WHAT TO PRODUCE. Would you please reproduce all the entries word for word, minus the pictures?
*** EXERCISE INPUTS ***
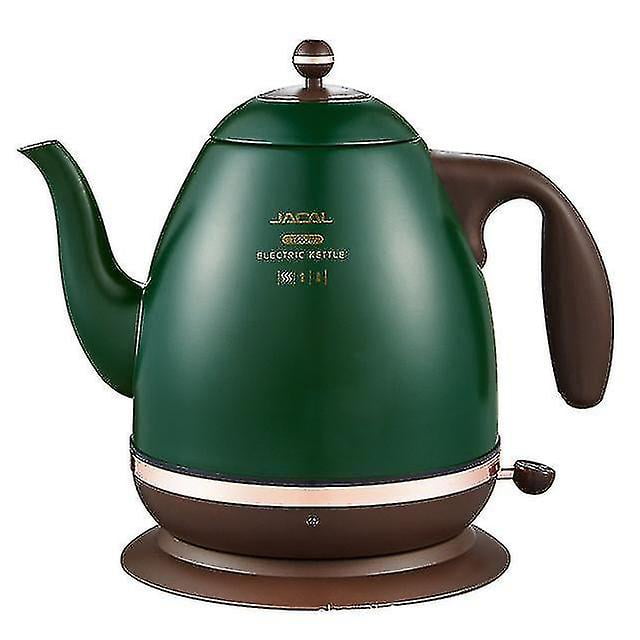 Retro Electric Kettle 304 Stainless Steel Household Appliances 1.5l Portable Travel Water Boiler 1500w European Style Coffee Pot
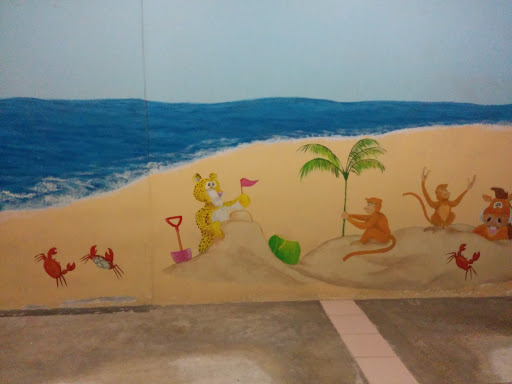 Fun On The Beach Mural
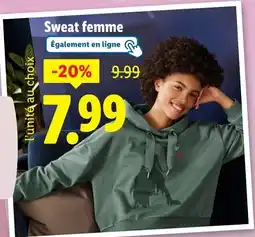 Lidl Sweat femme offre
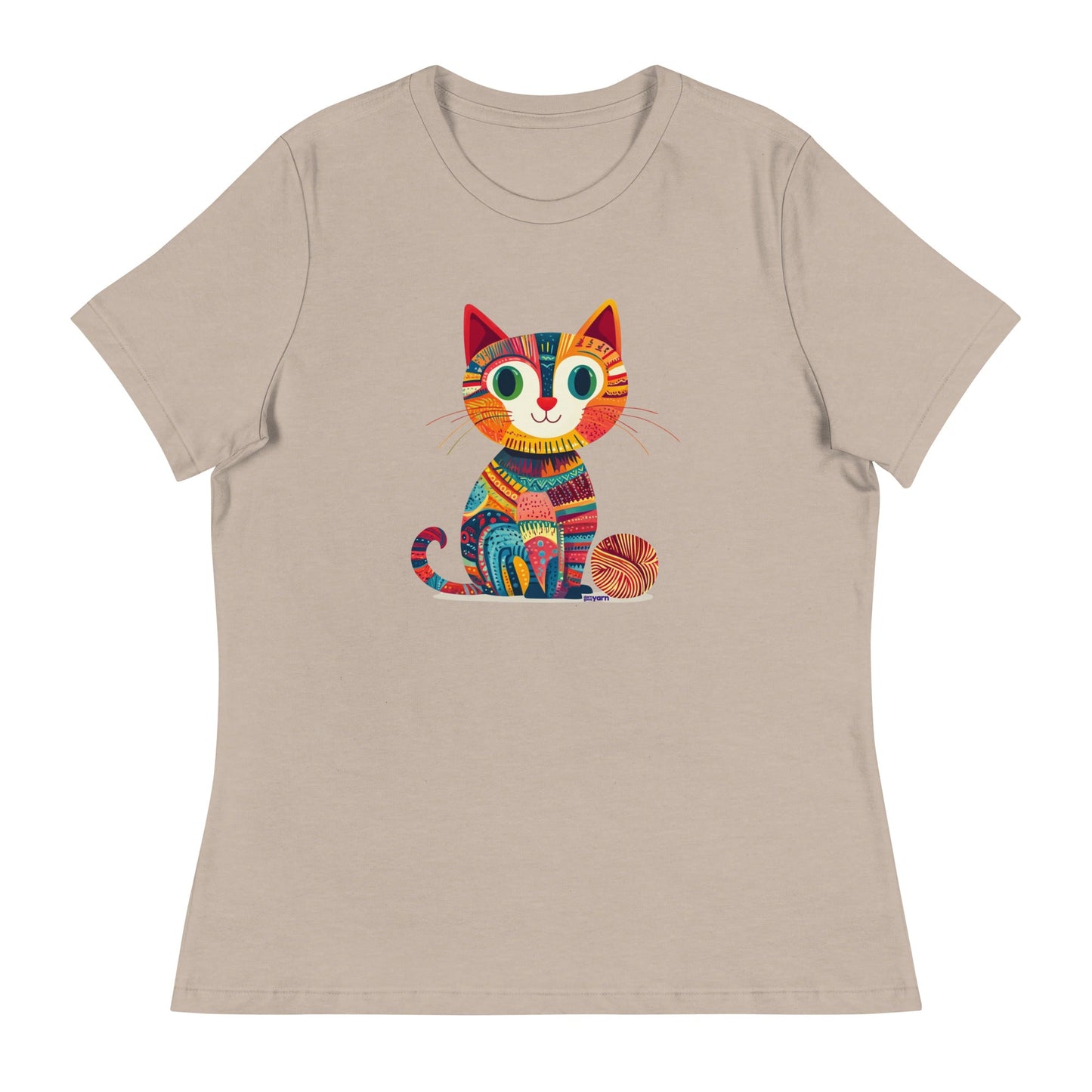 "Yarn Whiskers" Women's Relaxed Fit T-Shirt - view 7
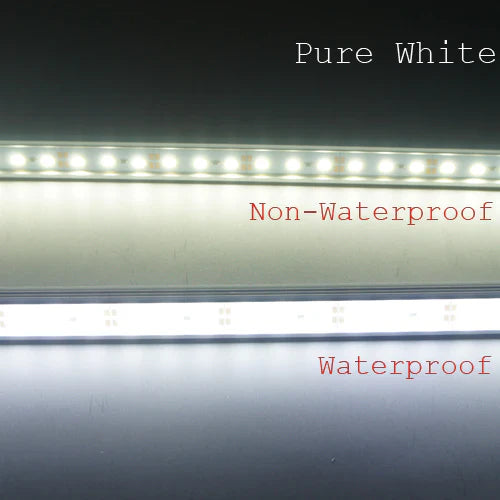 DC12V Aluminum Channel Rigid LED Strip Light, 18x11mm 0.5M / 1M SMD5730 72LEDs/M, Warm White / Daylight White IP65 Waterproof, for Indoor & Outdoor Lighting, 50PCS / 500PCS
***
TASK RESPONSE.
 Retro Electric Kettle 304 Stainless Steel Household Appliances 1.5l Portable Travel Water Boiler 1500w European Style Coffee Pot
 Fun On The Beach Mural
 Lidl Sweat femme offre
 "Yarn Whiskers" Women's Relaxed Fit T-Shirt - view 7
 DC12V Aluminum Channel Rigid LED Strip Light, 18x11mm 0.5M / 1M SMD5730 72LEDs/M, Warm White / Daylight White IP65 Waterproof, for Indoor & Outdoor Lighting, 50PCS / 500PCS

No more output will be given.